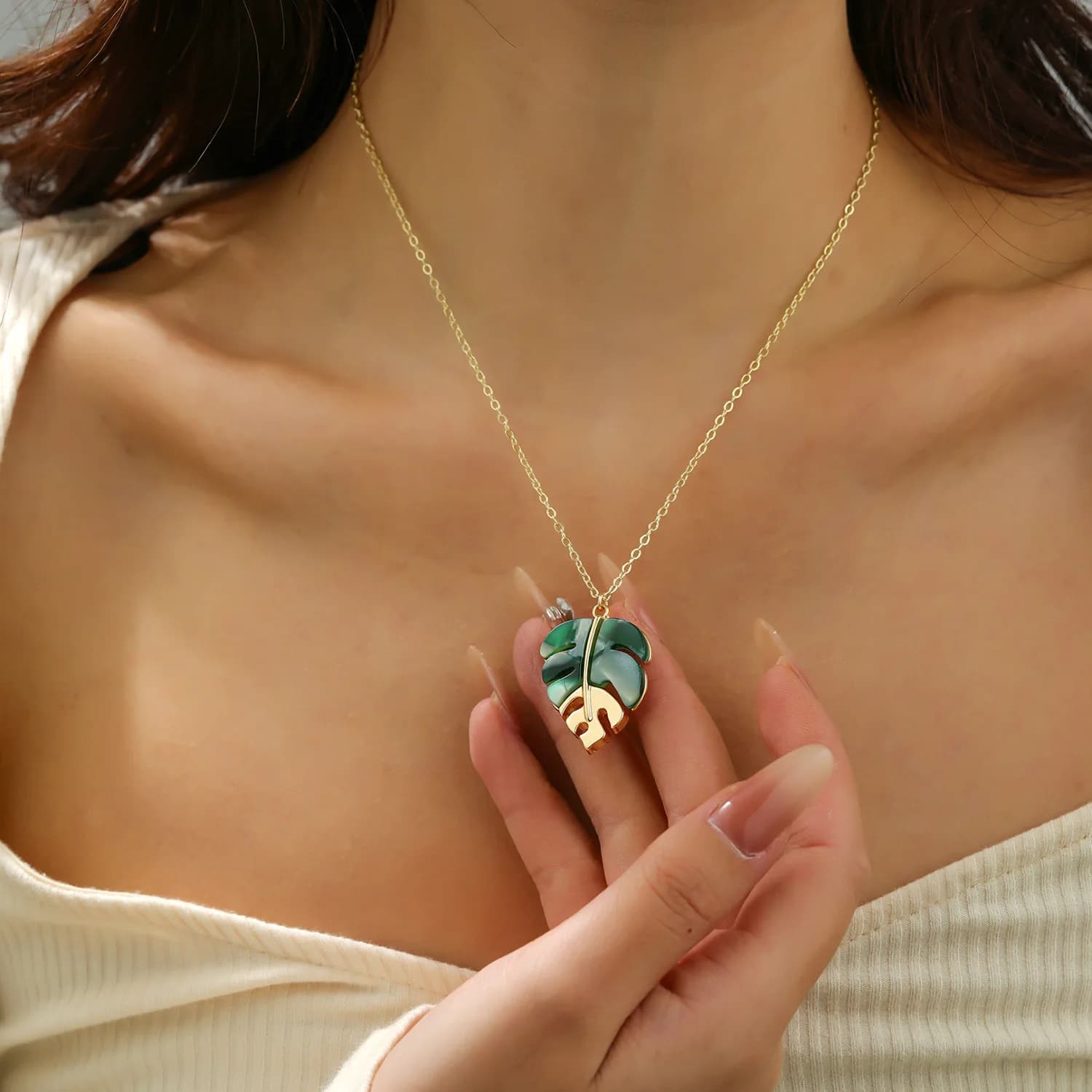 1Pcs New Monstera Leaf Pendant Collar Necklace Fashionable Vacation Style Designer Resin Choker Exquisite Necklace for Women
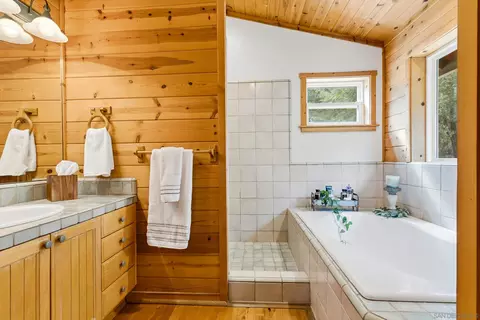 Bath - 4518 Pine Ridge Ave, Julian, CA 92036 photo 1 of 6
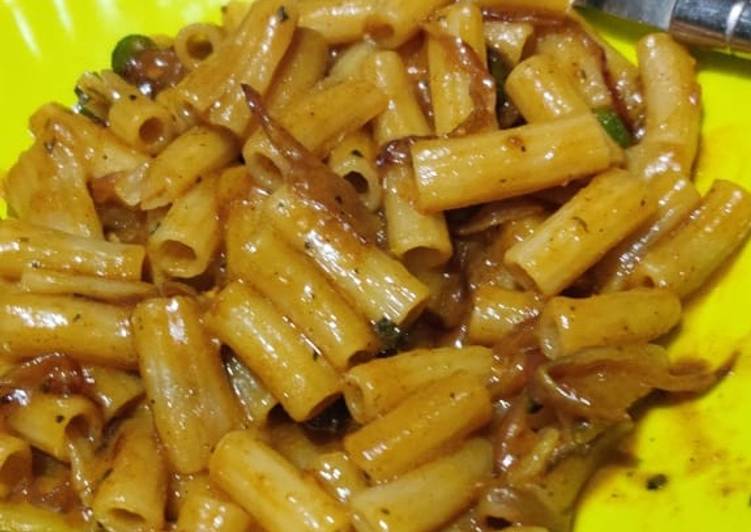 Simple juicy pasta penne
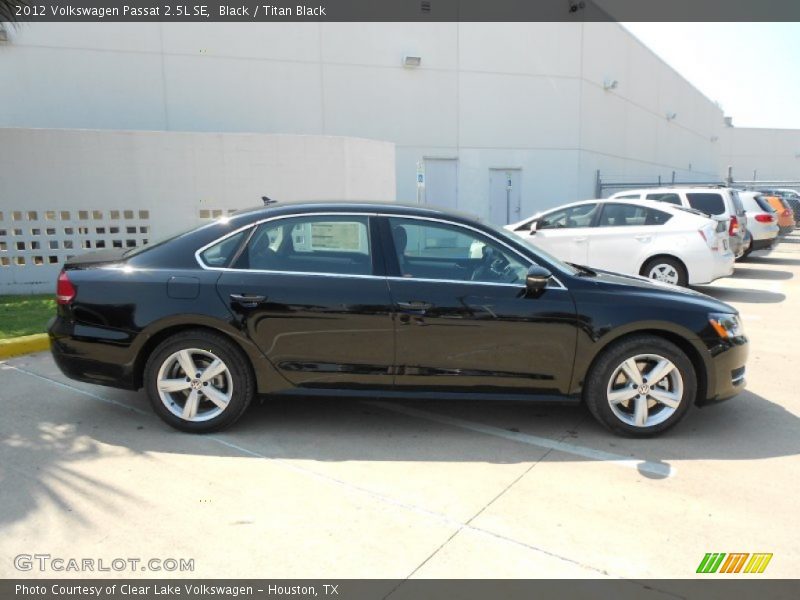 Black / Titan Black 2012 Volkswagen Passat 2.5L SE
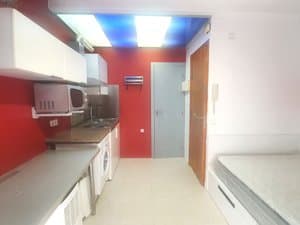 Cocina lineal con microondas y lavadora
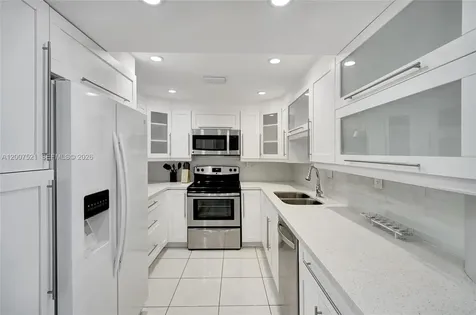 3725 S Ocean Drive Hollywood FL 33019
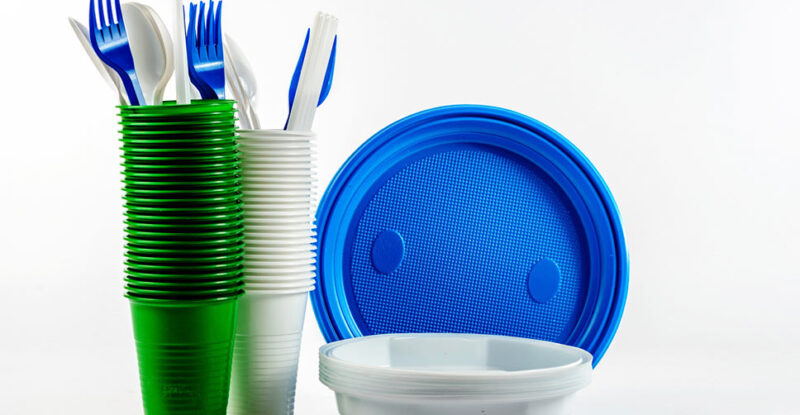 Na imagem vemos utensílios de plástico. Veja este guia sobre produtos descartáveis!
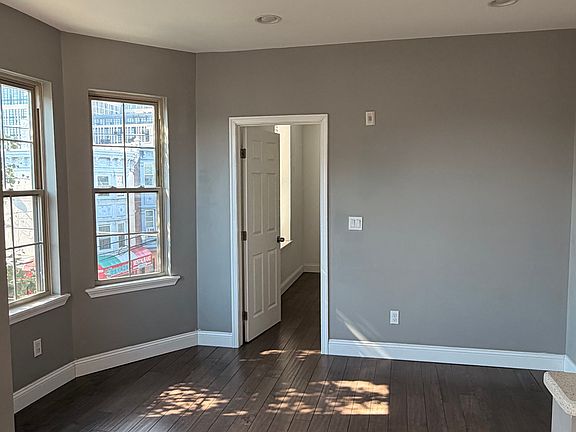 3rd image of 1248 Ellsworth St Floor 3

==

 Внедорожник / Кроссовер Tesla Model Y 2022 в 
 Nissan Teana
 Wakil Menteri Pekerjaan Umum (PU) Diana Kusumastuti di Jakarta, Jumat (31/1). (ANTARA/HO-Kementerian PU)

Task description
With the pictures removed, print only the lines starting at the line that has "1Pcs New Monstera" and ending at the line that has "3rd image of 1248 Ellsworth St Floor 3", both ends included, exactly as they stand above.

Answer to this exercise
 1Pcs New Monstera Leaf Pendant Collar Necklace Fashionable Vacation Style Designer Resin Choker Exquisite Necklace for Women
 Bath - 4518 Pine Ridge Ave, Julian, CA 92036 photo 1 of 6
 Simple juicy pasta penne
 Black / Titan Black 2012 Volkswagen Passat 2.5L SE
 Cocina lineal con microondas y lavadora
 3725 S Ocean Drive Hollywood FL 33019
 Na imagem vemos utensílios de plástico. Veja este guia sobre produtos descartáveis!
 3rd image of 1248 Ellsworth St Floor 3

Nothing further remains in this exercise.